= Beginning of Section =

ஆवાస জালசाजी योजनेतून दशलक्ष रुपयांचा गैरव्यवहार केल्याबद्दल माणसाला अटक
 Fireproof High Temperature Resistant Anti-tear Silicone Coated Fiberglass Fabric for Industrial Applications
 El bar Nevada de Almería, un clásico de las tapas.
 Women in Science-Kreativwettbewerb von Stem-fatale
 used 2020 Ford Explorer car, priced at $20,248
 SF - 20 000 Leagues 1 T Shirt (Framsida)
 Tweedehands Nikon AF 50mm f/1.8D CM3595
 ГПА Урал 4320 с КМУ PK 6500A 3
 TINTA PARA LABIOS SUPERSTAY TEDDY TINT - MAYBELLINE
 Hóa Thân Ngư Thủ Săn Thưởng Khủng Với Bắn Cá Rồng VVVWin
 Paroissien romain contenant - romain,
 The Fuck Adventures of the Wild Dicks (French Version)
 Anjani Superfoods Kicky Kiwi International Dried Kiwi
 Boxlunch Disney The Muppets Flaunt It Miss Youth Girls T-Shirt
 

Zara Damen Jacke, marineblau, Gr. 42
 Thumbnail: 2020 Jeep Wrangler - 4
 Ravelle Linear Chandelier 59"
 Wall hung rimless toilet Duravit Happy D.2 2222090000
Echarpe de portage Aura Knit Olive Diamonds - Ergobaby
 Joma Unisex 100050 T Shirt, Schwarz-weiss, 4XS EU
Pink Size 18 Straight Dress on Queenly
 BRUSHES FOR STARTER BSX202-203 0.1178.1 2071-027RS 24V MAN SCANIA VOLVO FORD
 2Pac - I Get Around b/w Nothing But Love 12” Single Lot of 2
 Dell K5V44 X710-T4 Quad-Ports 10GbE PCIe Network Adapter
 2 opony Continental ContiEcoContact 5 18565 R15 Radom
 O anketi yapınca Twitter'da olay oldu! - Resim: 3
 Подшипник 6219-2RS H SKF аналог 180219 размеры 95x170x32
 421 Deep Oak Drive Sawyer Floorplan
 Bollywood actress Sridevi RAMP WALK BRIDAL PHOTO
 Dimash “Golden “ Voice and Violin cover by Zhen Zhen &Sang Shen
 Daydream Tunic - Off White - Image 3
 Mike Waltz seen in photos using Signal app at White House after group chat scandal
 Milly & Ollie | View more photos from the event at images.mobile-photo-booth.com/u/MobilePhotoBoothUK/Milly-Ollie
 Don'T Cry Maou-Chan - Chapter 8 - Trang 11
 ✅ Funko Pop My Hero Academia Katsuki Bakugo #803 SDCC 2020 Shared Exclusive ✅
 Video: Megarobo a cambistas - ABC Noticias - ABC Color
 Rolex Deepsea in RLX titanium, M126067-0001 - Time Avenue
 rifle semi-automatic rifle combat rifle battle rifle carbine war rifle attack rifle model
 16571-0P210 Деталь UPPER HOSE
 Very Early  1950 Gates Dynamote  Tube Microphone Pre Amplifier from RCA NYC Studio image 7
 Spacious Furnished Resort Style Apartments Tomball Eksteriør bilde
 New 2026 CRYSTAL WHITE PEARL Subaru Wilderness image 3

= End of Section =

> [What is needed] Your task is to list each line of the records with the word "Shirt".

> [Response to the exercise]
 SF - 20 000 Leagues 1 T Shirt (Framsida)
 Boxlunch Disney The Muppets Flaunt It Miss Youth Girls T-Shirt
 Joma Unisex 100050 T Shirt, Schwarz-weiss, 4XS EU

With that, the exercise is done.